● Instructions to follow: From the first line of the data below through the line holding "Property Photo: 2986 E 3rd Avenue BC V5M 1H8", write out each line exactly as it stands.

Stored data:
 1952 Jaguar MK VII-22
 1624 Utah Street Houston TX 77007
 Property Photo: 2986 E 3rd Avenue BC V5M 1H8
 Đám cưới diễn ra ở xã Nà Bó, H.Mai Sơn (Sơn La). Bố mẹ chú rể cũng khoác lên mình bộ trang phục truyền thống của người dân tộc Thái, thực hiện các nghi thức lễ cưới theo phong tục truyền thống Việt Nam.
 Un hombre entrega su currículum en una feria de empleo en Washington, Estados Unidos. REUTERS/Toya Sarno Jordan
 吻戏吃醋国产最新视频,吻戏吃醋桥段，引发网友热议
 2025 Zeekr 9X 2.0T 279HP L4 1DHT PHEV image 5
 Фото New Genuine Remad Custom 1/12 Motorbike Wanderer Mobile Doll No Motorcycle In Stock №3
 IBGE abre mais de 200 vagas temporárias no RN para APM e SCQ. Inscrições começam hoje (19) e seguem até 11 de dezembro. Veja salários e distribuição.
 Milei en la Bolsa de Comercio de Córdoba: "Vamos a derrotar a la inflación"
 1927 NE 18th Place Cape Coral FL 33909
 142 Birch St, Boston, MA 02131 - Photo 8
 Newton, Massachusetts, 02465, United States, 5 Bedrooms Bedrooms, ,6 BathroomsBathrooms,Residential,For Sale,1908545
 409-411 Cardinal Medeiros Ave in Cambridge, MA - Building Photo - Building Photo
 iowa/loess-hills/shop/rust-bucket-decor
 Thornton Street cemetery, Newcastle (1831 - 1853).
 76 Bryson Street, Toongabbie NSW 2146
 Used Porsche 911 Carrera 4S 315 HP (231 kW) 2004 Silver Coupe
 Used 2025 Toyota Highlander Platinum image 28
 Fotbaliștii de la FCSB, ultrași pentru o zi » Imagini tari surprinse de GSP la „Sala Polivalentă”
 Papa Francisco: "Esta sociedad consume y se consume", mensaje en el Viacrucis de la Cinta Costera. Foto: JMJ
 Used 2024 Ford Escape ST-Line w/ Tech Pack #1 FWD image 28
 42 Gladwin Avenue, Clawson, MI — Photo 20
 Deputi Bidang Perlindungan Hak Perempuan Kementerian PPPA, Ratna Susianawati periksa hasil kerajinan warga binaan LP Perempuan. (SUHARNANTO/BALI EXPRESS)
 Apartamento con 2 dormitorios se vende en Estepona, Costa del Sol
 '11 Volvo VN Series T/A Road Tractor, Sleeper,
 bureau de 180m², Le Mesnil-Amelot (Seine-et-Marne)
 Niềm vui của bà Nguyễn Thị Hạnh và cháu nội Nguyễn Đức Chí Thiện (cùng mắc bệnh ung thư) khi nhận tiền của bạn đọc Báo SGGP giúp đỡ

● Answer below:
 1952 Jaguar MK VII-22
 1624 Utah Street Houston TX 77007
 Property Photo: 2986 E 3rd Avenue BC V5M 1H8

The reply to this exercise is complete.